Here are the morning’s top stories on Monday, December 15, 2025…
- Santa Cruz and Monterey counties largest food banks report a third of residents can’t consistently afford healthy food. And in this rich fishing region, some of the freshest catch is helping fill those empty bellies.
- Doctors are petitioning California to prohibit the use of a popular countertop material linked to the death of dozens of stoneworkers.
Community Seafood Program Fills Bellies With Local Catch
To help fill empty bellies among the region’s food insecure population, the Monterey Bay Fisheries Trust started the Community Seafood Program five years ago. It buys seafood from local fishing boats and donates the fresh fish to local food relief organizations.
The need is great. The Food Bank of Monterey County reports 34% of residents can’t consistently afford food and Second Harvest Food Bank of Santa Cruz County found food insecurity affects one in three residents.
This year the Fisheries Trust will spend $40,000 on local seafood, which translates to 25,000 meals. Al & Friends is one organization that receives donations thanks to the program. Sea Harvest, a family-run fishing business based out of Moss Landing, delivers to Al & Friends every couple months. Third-generation Monterey Bay fisherman Walter Deyerle helps operate Sea Harvest. After boats hit Sea Harvest’s dock in Moss Landing, cranes lift the catch off in bins and the fish are weighed and separated by species. Then, the seafood is either trucked off for delivery, or forklifted into the processing plant on site and sold in local markets. ”Everything comes off the boat, it’s processed, [then] either frozen, sold that day, or held for the next day for a sale,” said Deyerle. “But nothing sits around out here.

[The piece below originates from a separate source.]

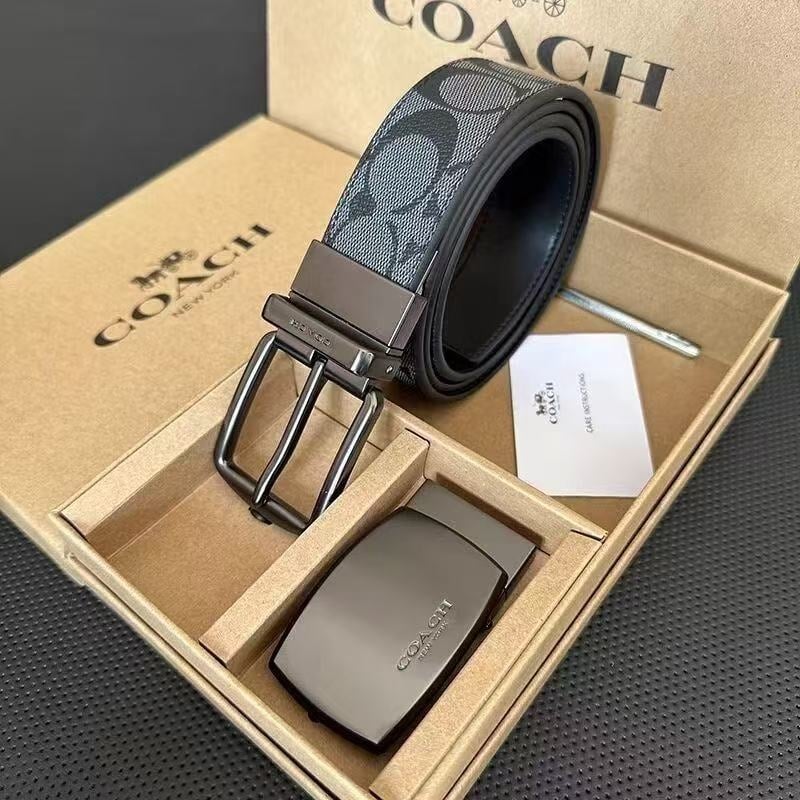 Ανδρική ζώνη από γνήσιο δέρμα με C-μοτίβο, διπλή αγκράφα και διπλής όψης ανάγλυφο φινίρισμα (Υλικό: Γνήσιο δέρμα; Στρώμα: δεύτερο στρώμα βοδινού δέρματος; Αγκράφα: κράμα; Κλείσιμο: snap button; Πλάτος: 2-4 εκ)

Everything moves.”
He usually hand-delivers the week’s catch to Al Siekert, the founder of Al & Friends. Siekert cooks out of the community kitchen at Chautauqua Hall in Pacific Grove. “The only rule we have is a closed mouth don’t get fed,” said Siekert. With his team of 100-plus volunteers, he consistently churns out restaurant-quality meals for food insecure folks every Sunday morning.